Recours aux services d'un auto-entrepreneur et contrôle URSAAF : prudence !

Si un auto-entrepreneur pourtant immatriculé au registre du commerce, atteste qu’il travaille sous la subordination d’un donneur d’ordre, la présomption légale de non-salariat dont il relève est détruite et le donneur d’ordre peut faire l’objet d’un redressement de cotisations sociales.

Cass. 2ème civ., 28 novembre 2019, n°18-15.333 et 18-15.348, Sté Transports Wendling c/ URSSAF d’Alsace.

Les faits

Selon toute vraisemblance, c’est à l’occasion d’un contrôle URSSAF opéré dans une entreprise de transport qu’un auto-entrepreneur, présent sur les lieux, va répondre aux questions du contrôleur, et décrire précisément ses conditions d’intervention, en qualité d’auto-entrepreneur, au bénéfice de ladite société.

A la suite de ce contrôle, l’URSSAF notifie à la société de transport une lettre d’observations portant sur plusieurs chefs de redressement relatifs à l’existence d’un travail dissimulé.

Postérieurement à la mise en demeure, la société saisit la juridiction de sécurité sociale d’un recours visant à contester le bien-fondé du redressement.

Confirmant l’arrêt rendu par la Cour d’appel de Colmar le 22 février 2018, la Cour de cassation juge que si l’article L.8221-6 du Code du travail institue une présomption de non-salariat au bénéfice notamment des personnes sous statut d’auto-entrepreneur, cette présomption peut être détruite s’il est établi qu’elles fournissent directement ou par personne interposée des prestations au donneur d’ordre dans des conditions les plaçant dans un lien de subordination juridique permanente à l’égard de celui-ci.

La Cour relève que l’auto-entrepreneur en question, immatriculé au registre du commerce avait précisément décrit ses conditions d’intervention, à savoir qu’il lui était demandé par la société de transports de conduire des camions pour effectuer des livraisons, que les véhicules étaient mis à sa disposition par la société qui en assurait l’entretien et qui prenait en charge les dépenses de carburant.
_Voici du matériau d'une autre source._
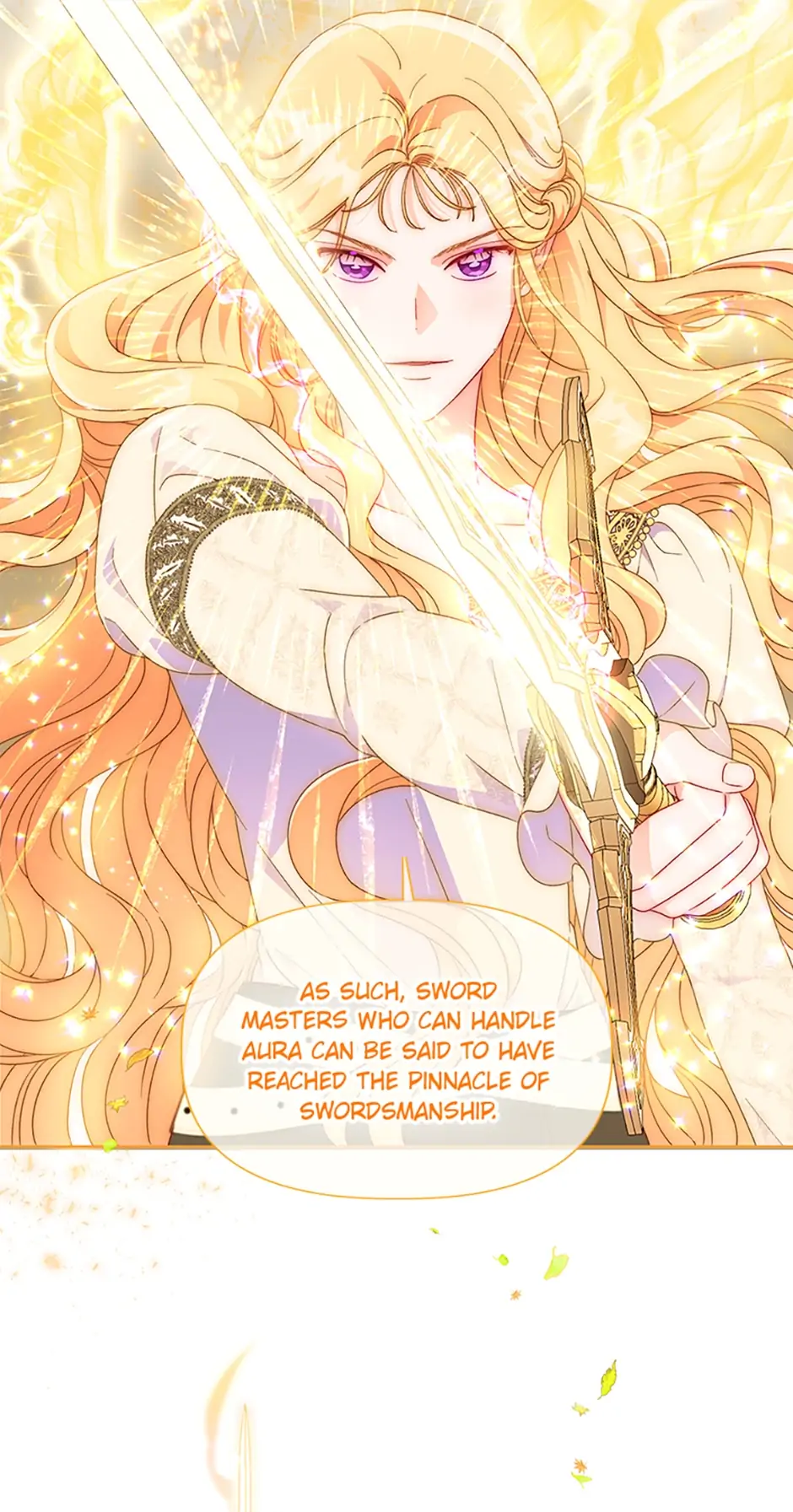 A Transmigrator’s Privilege Chapter 33 - Page 12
Par ailleurs l’auto-entrepreneur utilisait la licence communautaire de la société et se présentait comme faisant partie de la société de transport. Au surplus, les disques d’enregistrement étaient remis à cette dernière.

En clair, l’auto-entrepreneur n’avait aucune indépendance dans l’organisation et l’exécution de sa prestation, et effectuait donc sa prestation dans le cadre d’un lien de subordination juridique. Son « intégration » avait été tellement réussie qu’il se présentait lui-même comme faisant partie des effectifs du donneur d’ordre.

La Cour en déduit, fort justement, qu’il existait donc un lien de subordination juridique entre la société et la personne qu’elle avait employée sous le statut d’auto-entrepreneur, et qu’en conséquence, le montant des sommes qui lui avaient été versées devait être réintégré dans l’assiette des cotisations de sécurité sociale.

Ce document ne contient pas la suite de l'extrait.